Consequences arising from subjective feelings of stigma
As Table 4 shows, 28 of the participants (8 with psychosis, 12 with non-psychosis and 8 with dual diagnoses) talked about the consequences of subjective feelings of stigma in their lives. In general, participants who reported being given diagnoses of depression, anxiety and/or personality disorders reported more consequences of feelings of stigma than the other diagnostic groups (Table 4). Twelve of those participants, as opposed to eight participants with psychosis and eight participants with dual diagnoses, reported the majority of feelings of stigma (59 extracts). The most common consequences of feelings of stigma revolved around anger, depression, fear, anxiety, feelings of isolation, guilt, embarrassment and prevention from recovery or avoidance of help-seeking (Table 4).

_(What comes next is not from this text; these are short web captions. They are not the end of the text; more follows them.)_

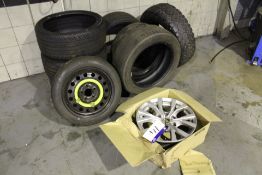 Alloy Wheel & Eight Various Tyres, as set out  (lo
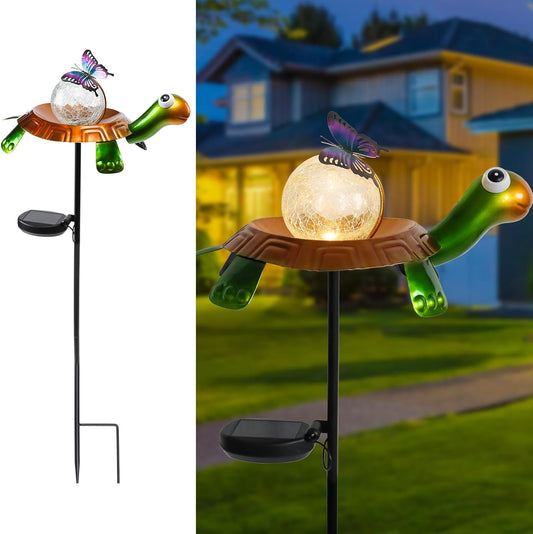 Afirst Solar Lights Outdoor Decorative Metal Turtle Crackle Glass Globe with Butterfly Warm White LED Metal Waterproof Garden Stake Lights for Walkway Pathway Lawn Patio Yard Decorations-VerdiqueGarden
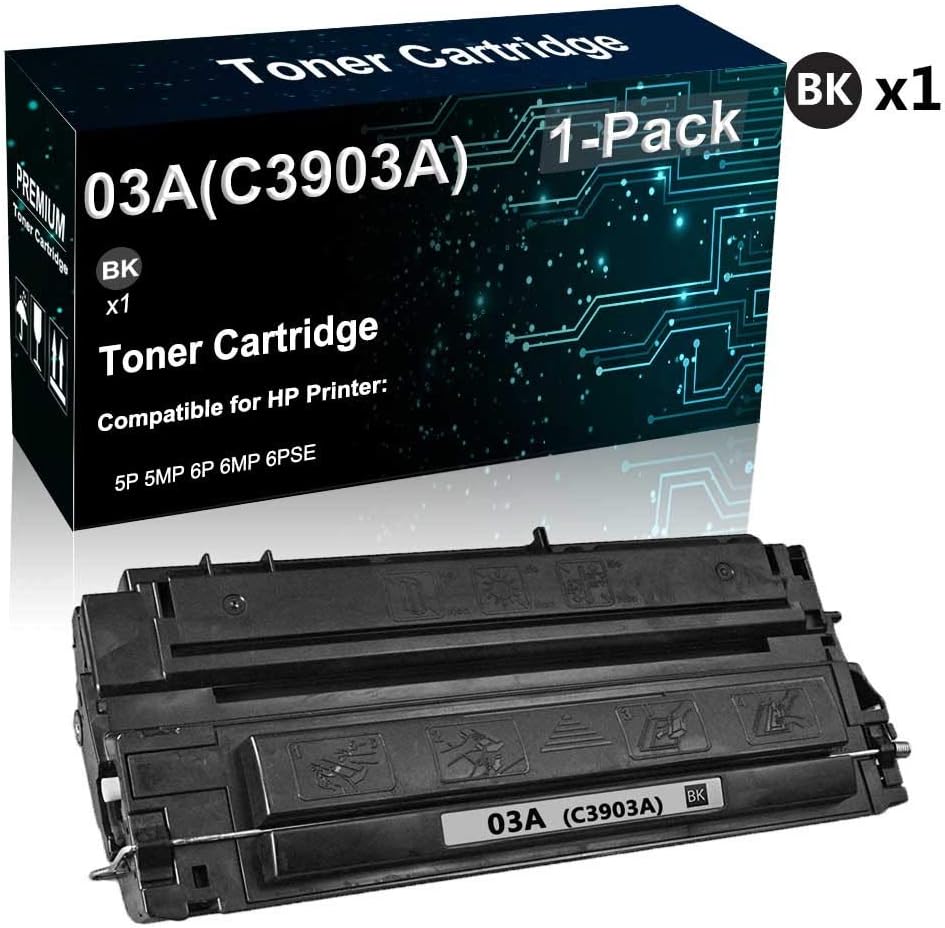 1-Pack (Black) Compatible High Yield 6pse Laser Printer Cartridge Replacement for HP 03A(C3903A) Toner Cartridge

An example of a participant who refused to be hospitalised because of the stigma attached is as follows:
|Patient group||Sad/bad||Anger||Fear||Guilt||Embarrassment||Isolation||Worry||Prevents recovery||Total|
|Psychosis||6 (4)||5 (2)||6 (3)||6 (4)||4 (2)||5 (2)||7 (4)||–||39 (8)|
|Non-psychosis||–||7 (4)||7 (4)||5 (3)||10 (6)||13 (8)||9 (5)||8 (4)||59 (12)|
|Dual diagnosis||6 (4)||4 (2)||8 (6)||4 (3)||3 (2)||4 (2)||6 (2)||–||35 (8)|
|Total||12 (8)||16 (8)||21 (13)||15 (10)||17 (10)||22 (12)||22 (11)||8 (4)||133|
‘I regret not going to the hospital. I listened to too many people and I suddenly thought I am going to be labelled a loony. I wasn't aware obviously because it hadn't happened to me before so I was...yes it did stop me from going there.’ (White British man, 43, anxiety—depression)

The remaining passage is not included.